• **Task material**
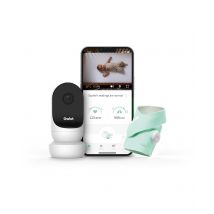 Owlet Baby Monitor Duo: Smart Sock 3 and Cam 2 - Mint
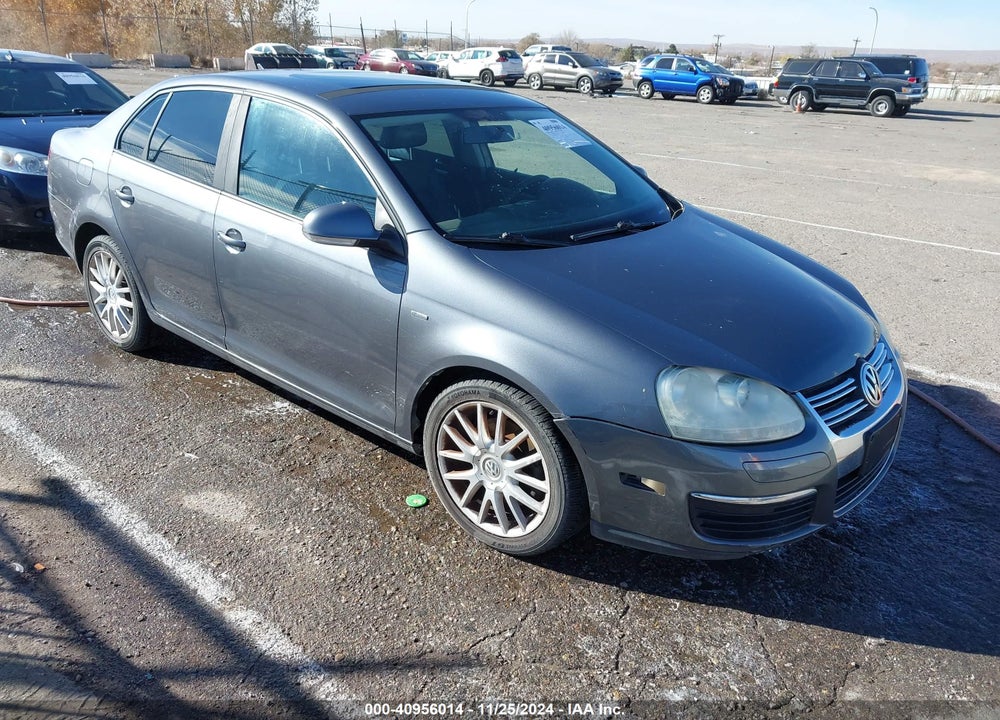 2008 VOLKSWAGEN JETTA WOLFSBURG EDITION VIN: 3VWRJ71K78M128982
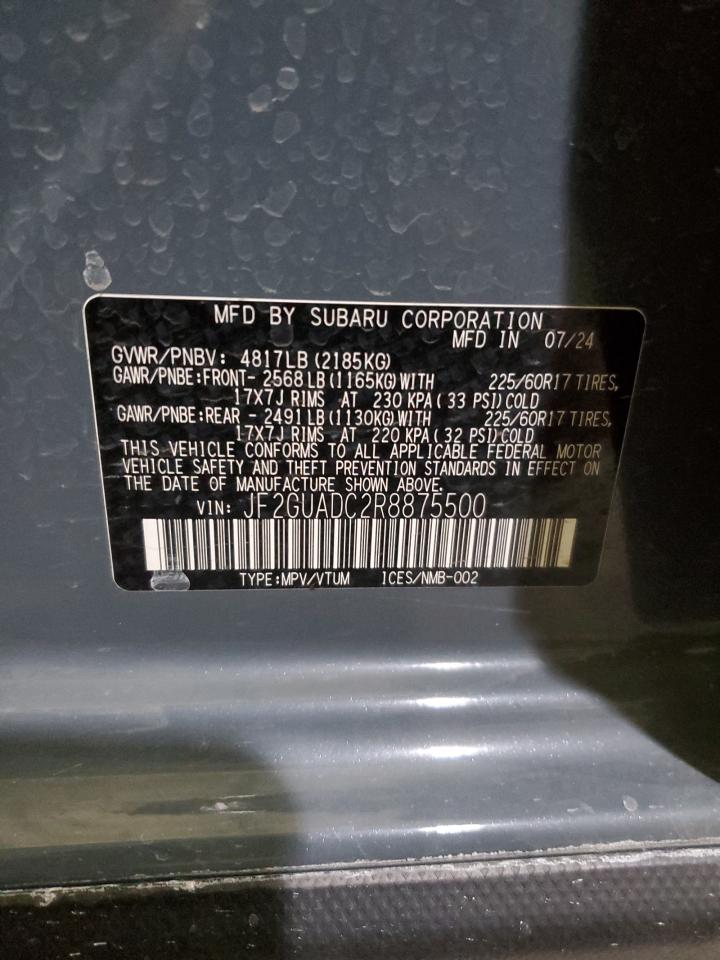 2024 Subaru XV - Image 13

==

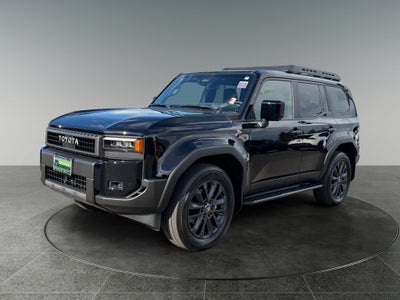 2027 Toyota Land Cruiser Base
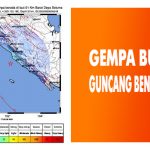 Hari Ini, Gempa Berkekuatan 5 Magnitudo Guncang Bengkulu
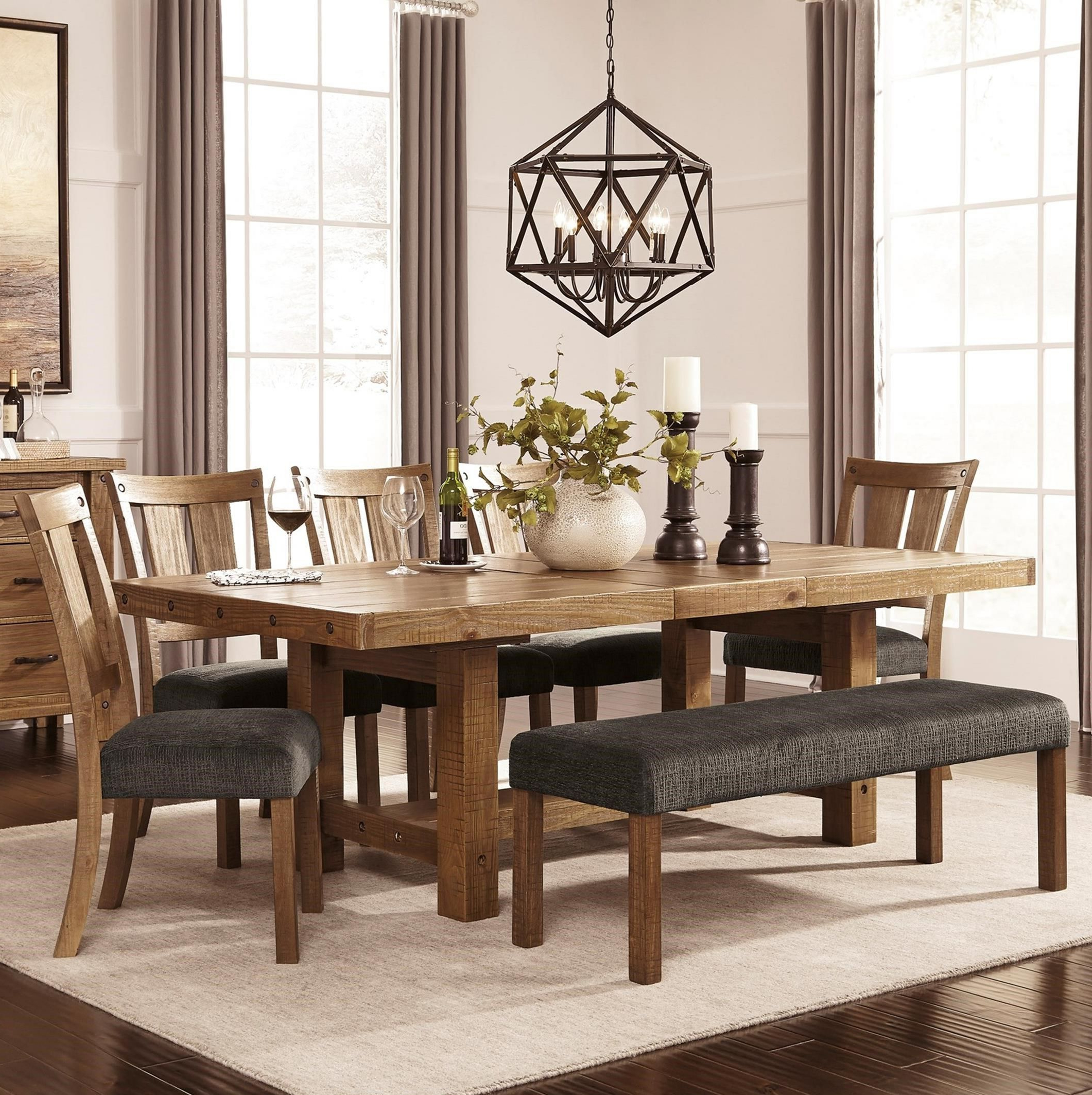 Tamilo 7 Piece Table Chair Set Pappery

• **The task**
Given the records above, return the lines starting at the one that holds "Owlet Baby Monitor" and ending at the one that holds "2024 Subaru XV - Image 13", exactly, and nothing besides; leave every picture out.

• **Task result**
 Owlet Baby Monitor Duo: Smart Sock 3 and Cam 2 - Mint
 2008 VOLKSWAGEN JETTA WOLFSBURG EDITION VIN: 3VWRJ71K78M128982
 2024 Subaru XV - Image 13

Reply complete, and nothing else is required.